What you have to do -
When you reach the line below that has "Four nado warning", start returning lines exactly, and stop after the line that has "Metal Garden Bed"; skip the pictures.

Records shown -
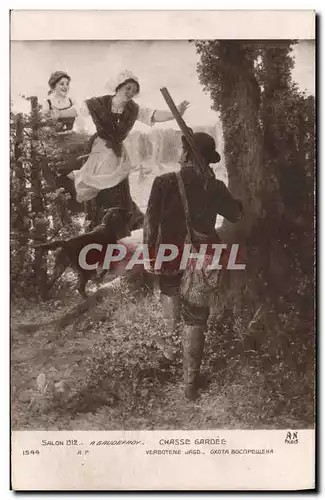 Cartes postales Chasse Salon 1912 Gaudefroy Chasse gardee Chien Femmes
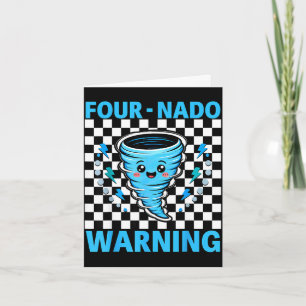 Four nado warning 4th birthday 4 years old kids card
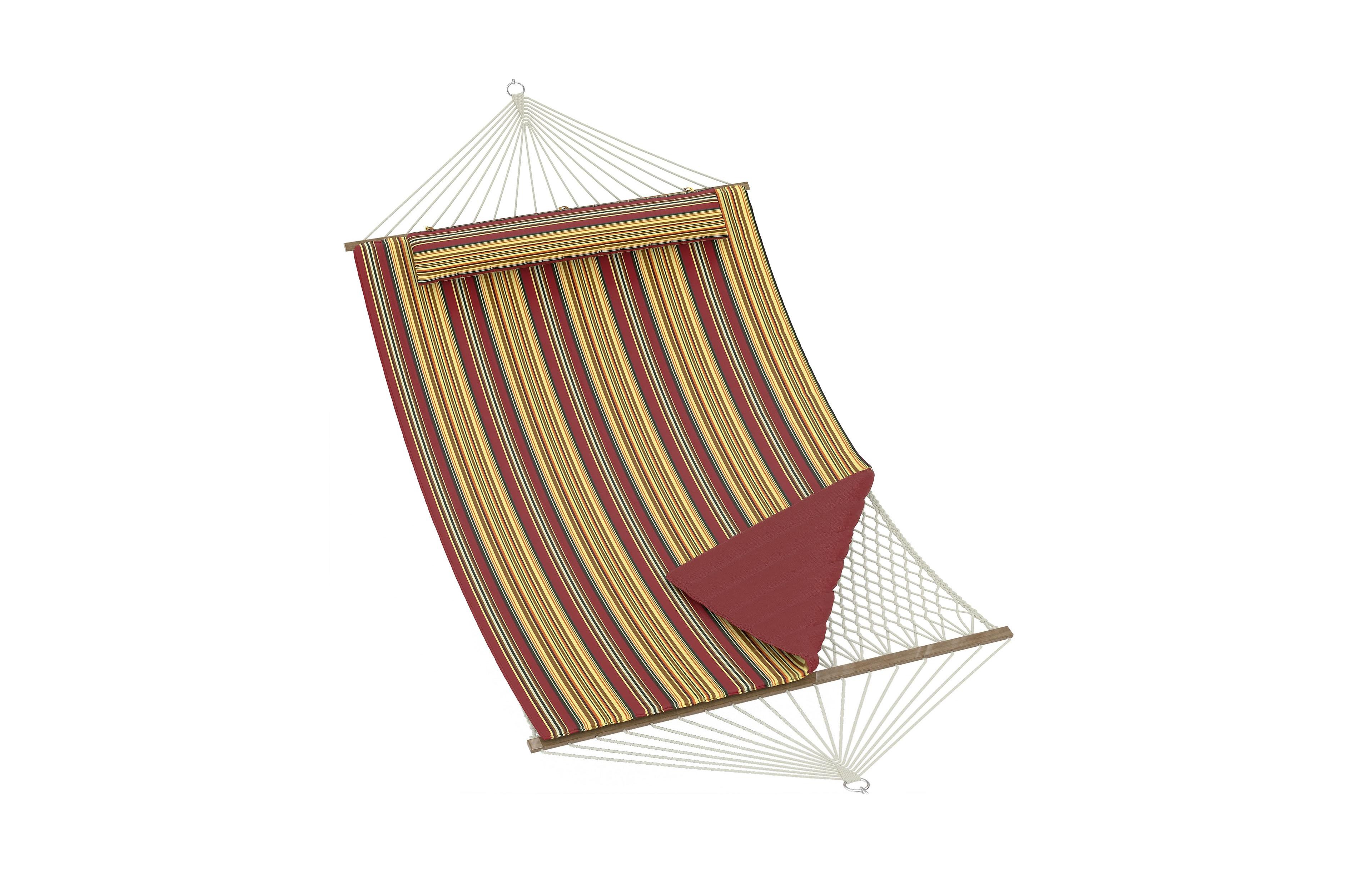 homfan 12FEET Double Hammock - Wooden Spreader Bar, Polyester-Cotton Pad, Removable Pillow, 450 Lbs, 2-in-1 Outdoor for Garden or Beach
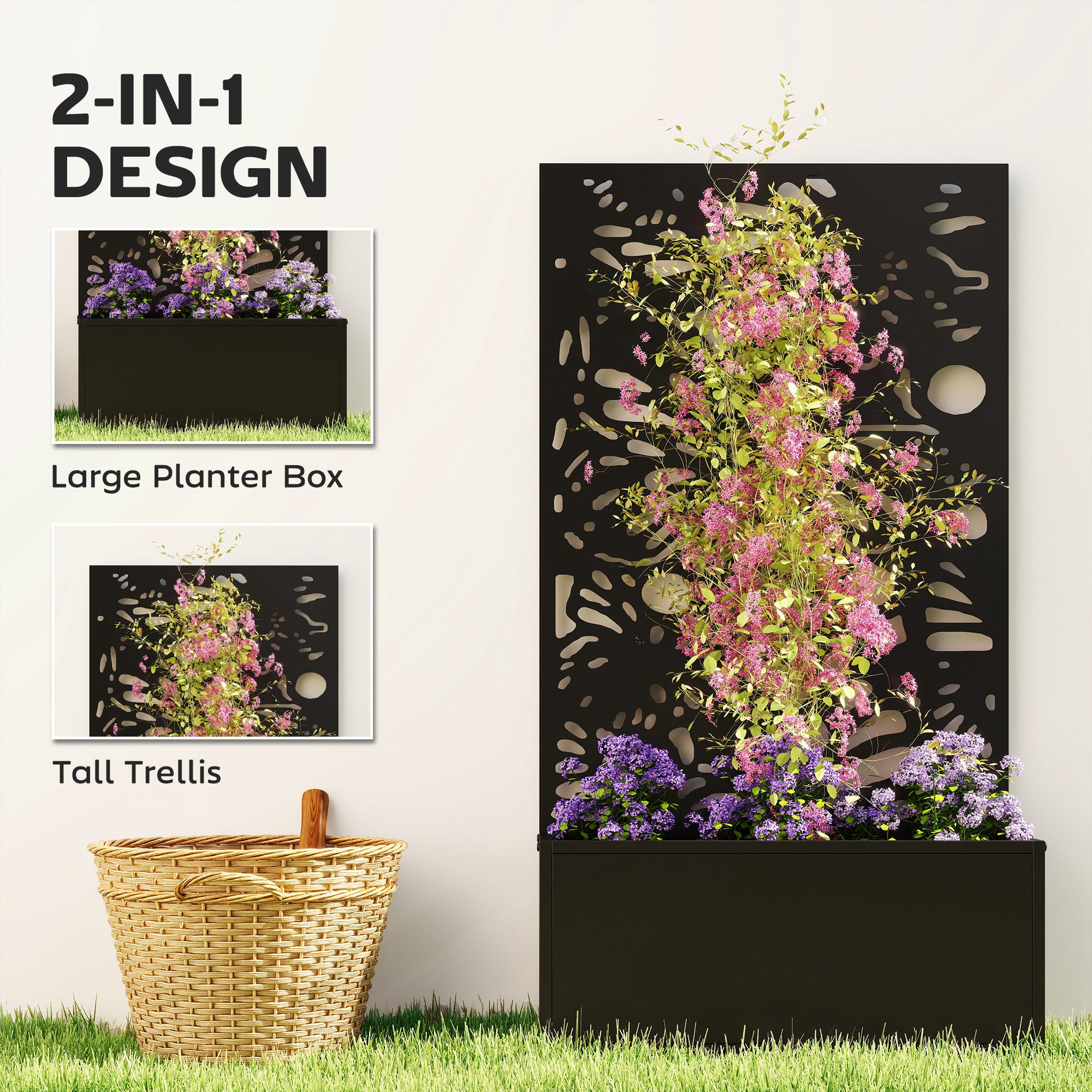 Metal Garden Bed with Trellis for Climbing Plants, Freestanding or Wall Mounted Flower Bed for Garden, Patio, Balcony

...

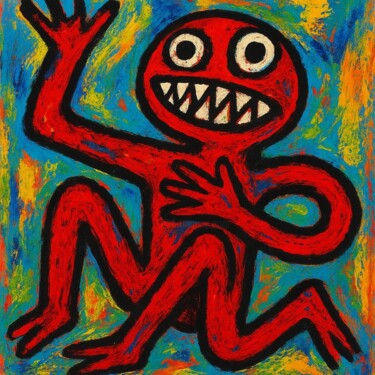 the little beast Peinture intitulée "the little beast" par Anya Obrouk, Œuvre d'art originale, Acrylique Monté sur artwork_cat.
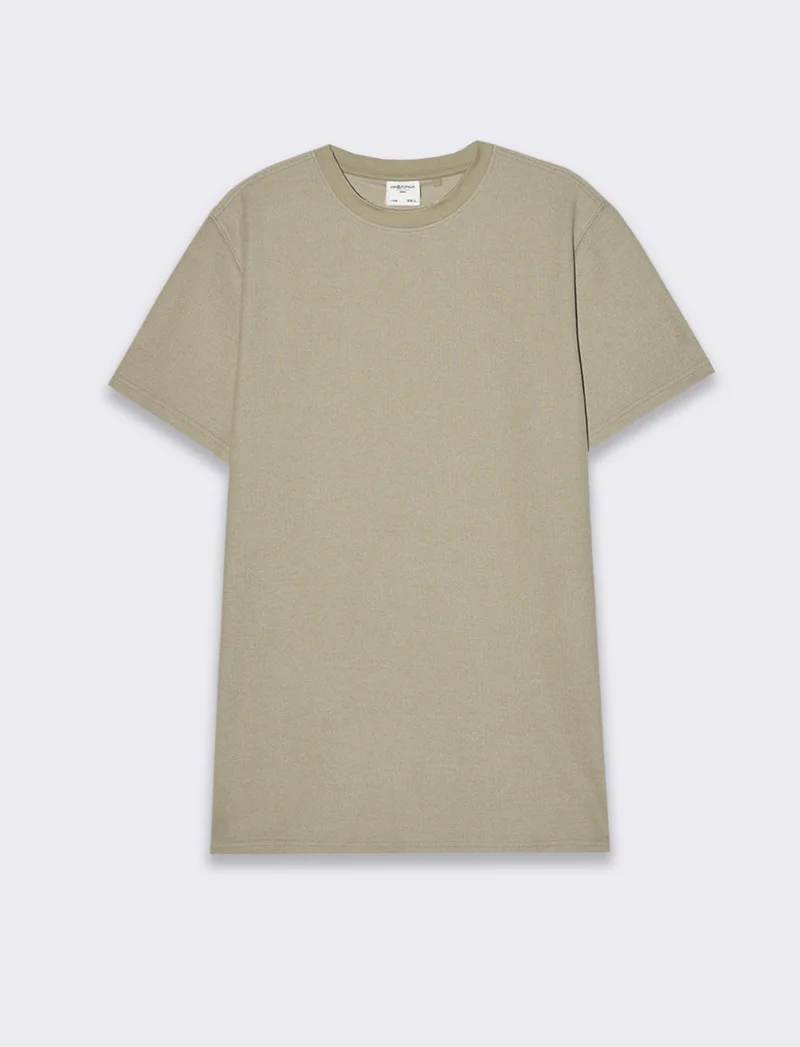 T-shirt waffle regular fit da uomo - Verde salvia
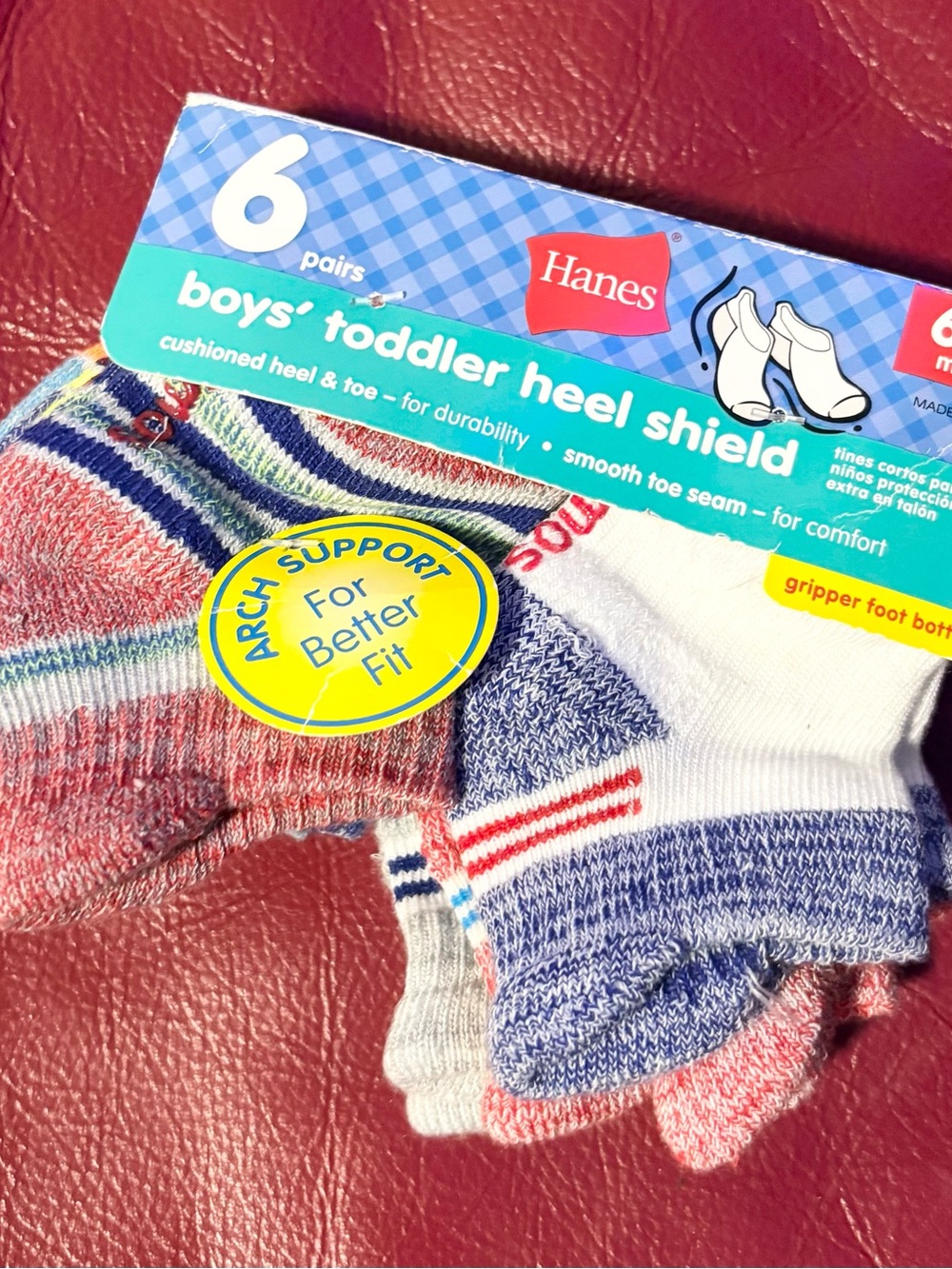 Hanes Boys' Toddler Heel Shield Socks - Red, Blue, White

==

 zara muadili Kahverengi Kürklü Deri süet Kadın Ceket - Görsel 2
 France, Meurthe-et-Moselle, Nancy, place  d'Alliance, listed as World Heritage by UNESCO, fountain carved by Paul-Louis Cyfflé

Answer box -
 Four nado warning 4th birthday 4 years old kids card
 homfan 12FEET Double Hammock - Wooden Spreader Bar, Polyester-Cotton Pad, Removable Pillow, 450 Lbs, 2-in-1 Outdoor for Garden or Beach
 Metal Garden Bed with Trellis for Climbing Plants, Freestanding or Wall Mounted Flower Bed for Garden, Patio, Balcony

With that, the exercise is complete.